Acclaimed Oregon photographer Rodney Lough, Jr. shares 18 years worth of outdoor discoveries with a new phone app.
Standing at the edge of a cliff in Page, Arizona in 2011 with a group of his photography workshop students, Rodney Lough Jr. clutched the shoulders of a budding landscape photographer and said, “stand here.” This is what Lough has always sought: to show people how to locate hidden viewpoints in rarely visited spots.
Lough’s Stand Here app, which took six years to develop and released this month, aims to do just that. It allows users to choose their terrain from short and easy trips to difficult four-day explorations in the US and Canada, 16 viewpoints are in Oregon. The active trail app uses GPS tracking allowing users to check-in at trail heads, and track speed, time, distance travelled, distance to go, and even elevation. No Internet connection is needed as the trail information can be downloaded to your app’s “backpack” before heading out.
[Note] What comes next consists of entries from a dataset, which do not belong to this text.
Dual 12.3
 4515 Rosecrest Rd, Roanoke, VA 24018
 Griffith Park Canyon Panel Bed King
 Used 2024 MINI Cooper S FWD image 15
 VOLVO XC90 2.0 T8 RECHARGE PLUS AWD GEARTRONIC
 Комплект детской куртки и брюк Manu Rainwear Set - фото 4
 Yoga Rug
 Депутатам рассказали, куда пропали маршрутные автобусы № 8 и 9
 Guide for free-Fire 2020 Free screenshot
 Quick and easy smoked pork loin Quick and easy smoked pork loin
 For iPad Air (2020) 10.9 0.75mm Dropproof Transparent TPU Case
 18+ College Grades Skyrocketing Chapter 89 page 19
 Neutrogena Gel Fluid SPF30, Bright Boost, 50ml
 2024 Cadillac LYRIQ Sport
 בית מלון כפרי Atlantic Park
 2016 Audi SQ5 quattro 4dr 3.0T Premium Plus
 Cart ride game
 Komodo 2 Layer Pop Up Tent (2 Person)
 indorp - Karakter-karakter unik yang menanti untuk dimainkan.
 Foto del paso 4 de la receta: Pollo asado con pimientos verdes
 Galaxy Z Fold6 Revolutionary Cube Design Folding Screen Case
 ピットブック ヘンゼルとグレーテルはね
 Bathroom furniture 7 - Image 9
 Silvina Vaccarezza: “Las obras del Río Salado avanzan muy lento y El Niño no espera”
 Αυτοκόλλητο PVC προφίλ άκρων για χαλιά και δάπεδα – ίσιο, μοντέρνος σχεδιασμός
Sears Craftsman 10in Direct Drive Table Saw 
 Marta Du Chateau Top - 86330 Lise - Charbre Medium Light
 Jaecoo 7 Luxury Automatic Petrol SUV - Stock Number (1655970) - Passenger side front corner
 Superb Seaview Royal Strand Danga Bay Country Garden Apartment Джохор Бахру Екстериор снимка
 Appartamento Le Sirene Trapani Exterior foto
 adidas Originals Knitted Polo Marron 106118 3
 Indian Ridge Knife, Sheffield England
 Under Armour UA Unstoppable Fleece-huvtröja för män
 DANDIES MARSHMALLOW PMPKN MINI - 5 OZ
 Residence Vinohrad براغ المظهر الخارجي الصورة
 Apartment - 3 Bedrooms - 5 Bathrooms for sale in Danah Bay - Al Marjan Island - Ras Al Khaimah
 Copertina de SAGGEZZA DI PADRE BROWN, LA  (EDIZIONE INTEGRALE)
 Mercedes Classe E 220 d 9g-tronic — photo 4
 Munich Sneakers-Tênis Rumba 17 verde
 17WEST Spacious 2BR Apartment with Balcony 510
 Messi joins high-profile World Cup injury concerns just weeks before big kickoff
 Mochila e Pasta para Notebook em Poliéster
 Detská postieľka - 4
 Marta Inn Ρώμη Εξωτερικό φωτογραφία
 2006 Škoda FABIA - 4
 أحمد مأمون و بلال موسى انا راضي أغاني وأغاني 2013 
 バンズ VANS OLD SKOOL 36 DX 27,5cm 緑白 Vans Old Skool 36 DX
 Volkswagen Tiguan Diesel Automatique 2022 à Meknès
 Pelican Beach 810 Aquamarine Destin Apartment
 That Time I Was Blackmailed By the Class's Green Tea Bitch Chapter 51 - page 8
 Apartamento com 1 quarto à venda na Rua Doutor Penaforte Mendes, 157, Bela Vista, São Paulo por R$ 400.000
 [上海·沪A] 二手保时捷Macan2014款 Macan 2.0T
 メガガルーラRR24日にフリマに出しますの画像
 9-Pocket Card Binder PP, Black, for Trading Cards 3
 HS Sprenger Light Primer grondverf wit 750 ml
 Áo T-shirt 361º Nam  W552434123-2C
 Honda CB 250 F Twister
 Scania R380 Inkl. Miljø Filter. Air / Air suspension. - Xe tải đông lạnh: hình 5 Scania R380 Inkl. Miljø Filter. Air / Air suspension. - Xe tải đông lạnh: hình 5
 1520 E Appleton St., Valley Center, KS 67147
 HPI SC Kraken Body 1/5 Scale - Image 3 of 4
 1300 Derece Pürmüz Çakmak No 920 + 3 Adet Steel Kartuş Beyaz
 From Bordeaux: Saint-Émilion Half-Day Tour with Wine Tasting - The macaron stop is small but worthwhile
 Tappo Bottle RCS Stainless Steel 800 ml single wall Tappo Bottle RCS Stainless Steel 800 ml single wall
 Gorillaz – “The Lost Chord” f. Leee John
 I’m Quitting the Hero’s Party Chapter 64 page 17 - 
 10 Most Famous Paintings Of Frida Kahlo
“There are already all kinds of hiking apps,” says Lough, “but they don’t tell you where to go to see what’s really beautiful.”
Lough, who has won various prestigious photography awards and had a second photo added to the permanent collection at the Smithsonian this year, has received criticism from fellow photographers with concerns about sharing hidden viewpoints, saying the app could lead to damage and human disruption of ecological areas. But Lough says damage is already happening and hiding the locations does nothing for conservation, but education does.
“The concept is that if I can show people these locations and give people the chance to do the right thing they will have the same experience that I had,” says Lough, who admits some of the destinations are weep worthy. “People will be bound by more than legal or ethical values, they will be bound at a human level to protect these places.”
A free version of the Stand Here app was released in July providing hikers with trail tacking, opportunities to meet people who have seen the viewpoints, how to get to the destination, and what to bring. This month, another version of the app was released with tons of additional research information on the locations, fun facts, and more tracking capabilities each for under a dollar.
To increase conservation efforts for these locations, Stand Here will give ten percent of the net sales back to the trails. The destinations visited using the app most often will get the most back.
A forthcoming version of the app will feature a map of the world where users can pin trails completed, share new trails discovered, and even flag areas that need protection.